The light was still now, and Isobel could make out the shape of the old man, hunched over a rock pool.

"Anyway, Jake got married not long after leaving school and taking up his father's trade. By all accounts she was a wonderful girl, a natural painter as it happens. She loved to explore the countryside, while Jake worked the waves, and would always be there, ready to take care of him when he got home. But one evening, Jake returned from setting the lobster pots and his wife was nowhere to be found."

"He went to the local constable and they soon roused a rescue party, who set out with torch and lantern, searching the village, the bay and the woods before, eventually, finding her delirious, face down in the field of long grass behind the church. Rushing her back to the village, under lamplight they could see what afflicted her. On her knee, just below the hem of the warm, summer dress she wore, a bite mark sat, angry and inflamed."

"Jake's face went pale as he stared down at his wife, her eyes rolling, unseeing, back into her head. The constable talked to him, telling him that they'd have to send out a call to the city hospital for anti-venom, but according to those there, Jake just stared, before turning and running out the door. A full moon sat high in the sky, and as Jake raced towards this very cove, he remembered words he had read in his mother's books, about a special sort of stone, found only on moonlit nights."

"Called sometimes a 'Druid’s glass', for it's supposed magnifying qualities of mystical power, it is more commonly known as an 'adder stone' and was said to be able to cure all manner of venoms and poisons. It was for this stone which Jake now raced, but it was a stone which proved very difficult to find. Smooth and glassy, the stone must have a hole bored through the middle by the sea's current, and when dropped into a pool of water, must float."

"He didn't ever find the stone, did he?" Isobel said.

"No, he did not. Jake returned home, soaked to the bone, fingers bloody and ragged from tearing through the shingle in search of this one, most lucky of stones, only to find his wife had already passed."
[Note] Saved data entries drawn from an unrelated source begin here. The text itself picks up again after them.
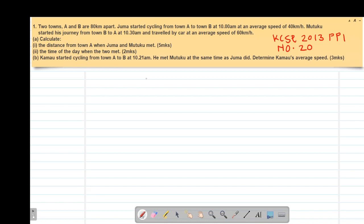Hello my precious friends, I really hope that you are doing great. Welcome to our today's class. It's our first lesson on a Form 2 mathematics topic called linear motion. Today we are looking at our first example which is a past KCSE question done in 2013, paper 1, question number 20.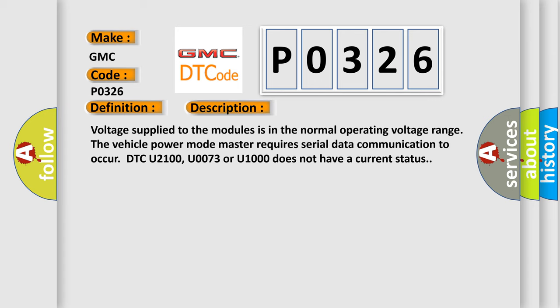Voltage supplied to the modules is in the normal operating voltage range. The vehicle power mode master requires serial data communication to occur. DTC U2100, U0073, or U1000 does not have a current status.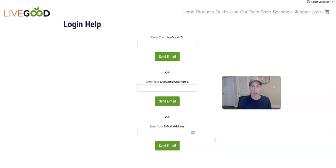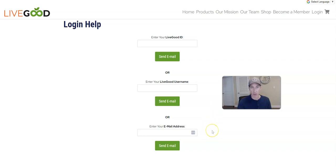If you're locked out, I hope this helps you — it's a really simple process. If you have any questions, leave me a comment and I'll try to help you out as much as possible. Just follow these steps and you should be able to get back into your LiveGood account and access everything you need. Hope you're having a great day!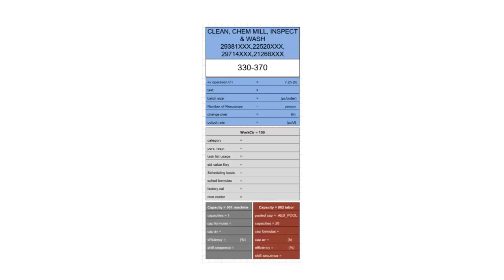The work center box contains a description of the work center and the work center's SAP identification code. The blue box underneath the identification code contains performance data of the work center. Then there are the work center specific data settings like the work center category, standard value key, and the scheduling formulas, amongst other things, in the gray box.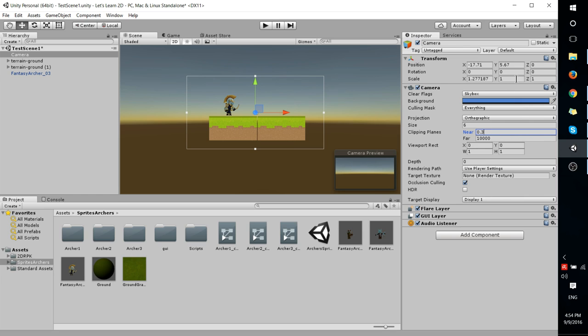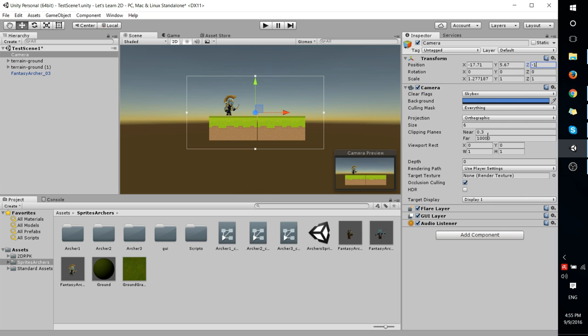But a better fix might be to actually position the camera further away from the game objects, such as setting the Z index to minus 1 here so that it is within that clipping plane of 0.3 units to 10,000 units.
"That's awful." Isobel replied sadly. "So why's he still looking?"

"Well, some people say it's a sign that he can't cope, some that he lost part of his self when he lost her, and is stuck amid the clutches of that last night when he still held out some hope. I don't agree."

"Why not?"

"Because Jake copes just fine, and has done for more years now than he had ever spent with his wife. People assume he's crazy, that he lost his marbles all those year ago, when perhaps this is his way of mourning her? And besides, don't we all dwell on what might of been, from time to time?"

Down on the beach, Jake had set his lantern down, the light reflecting from the shallow rock pool's water. With shaking hands, he raised the stone before his gaze, peering through the hole in the middle at the glowing form of the moon above. Then carefully, he bent down and rolled the small pebble from his palm and into the rock pool. It broke the surface with a faint plop, and Jake began to let out a sigh, punctuated by a whoop of delight as the stone resurfaced, pale blue and floating in the moonlit water. He snatched it up in his hand before bringing it reverently to his lips. With a kiss for good luck and a prayer cast, he sent the stone back into the sea.